▸ **Exercise inputs**:
------------------------------------------------

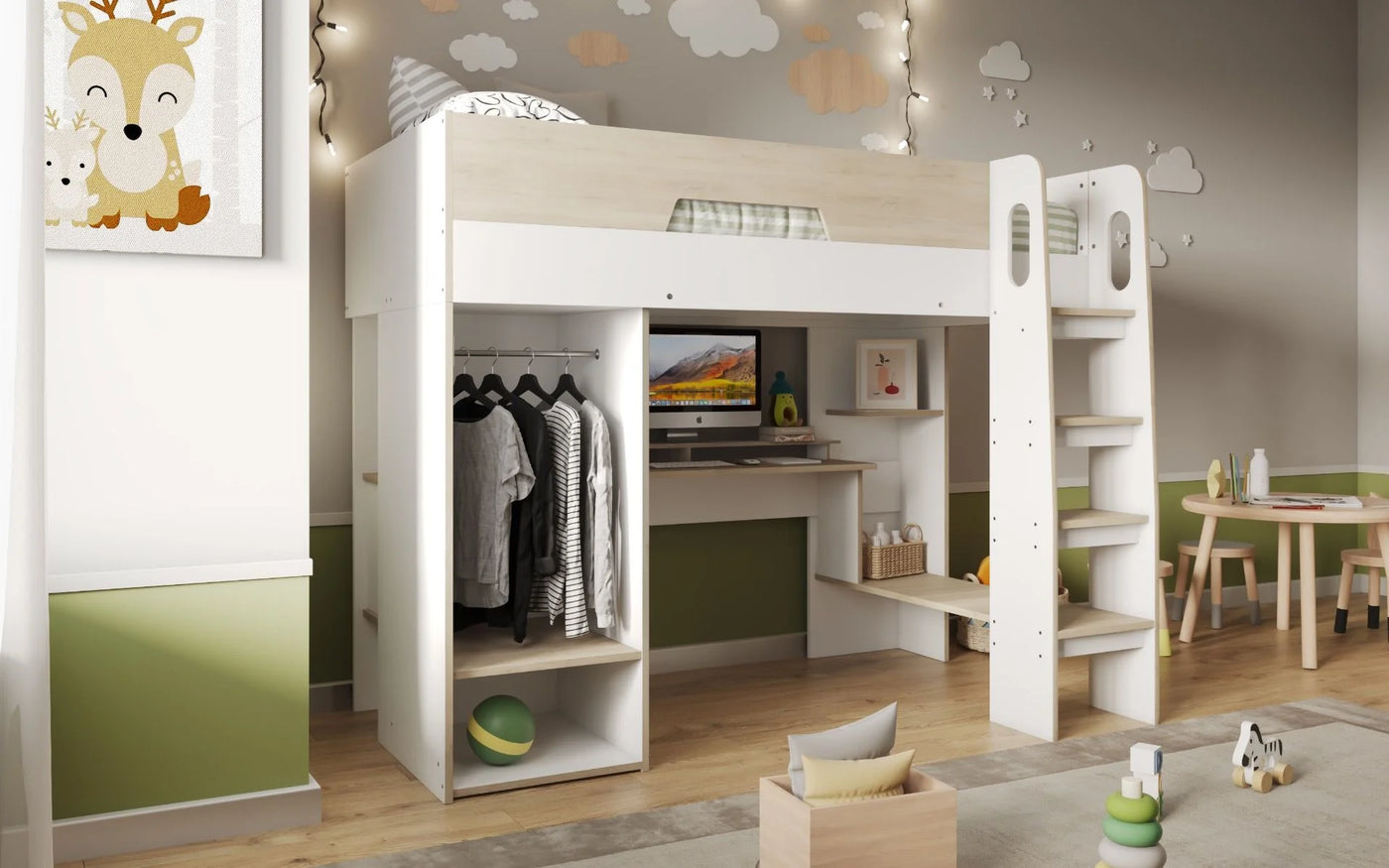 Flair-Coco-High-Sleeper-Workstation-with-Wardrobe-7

------------------------------------------------

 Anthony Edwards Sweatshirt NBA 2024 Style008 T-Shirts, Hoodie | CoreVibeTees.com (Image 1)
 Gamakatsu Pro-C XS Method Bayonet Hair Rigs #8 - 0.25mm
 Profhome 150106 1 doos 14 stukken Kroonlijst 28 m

------------------------------------------------

▸ **Instructions for the task**: Word for word, restate the lines of the data above that fall between the line holding "Anthony Edwards Sweatshirt" and the line holding "Profhome 150106 1", inclusive, and no other lines.

▸ **Answer to this task**:
 Anthony Edwards Sweatshirt NBA 2024 Style008 T-Shirts, Hoodie | CoreVibeTees.com (Image 1)
 Gamakatsu Pro-C XS Method Bayonet Hair Rigs #8 - 0.25mm
 Profhome 150106 1 doos 14 stukken Kroonlijst 28 m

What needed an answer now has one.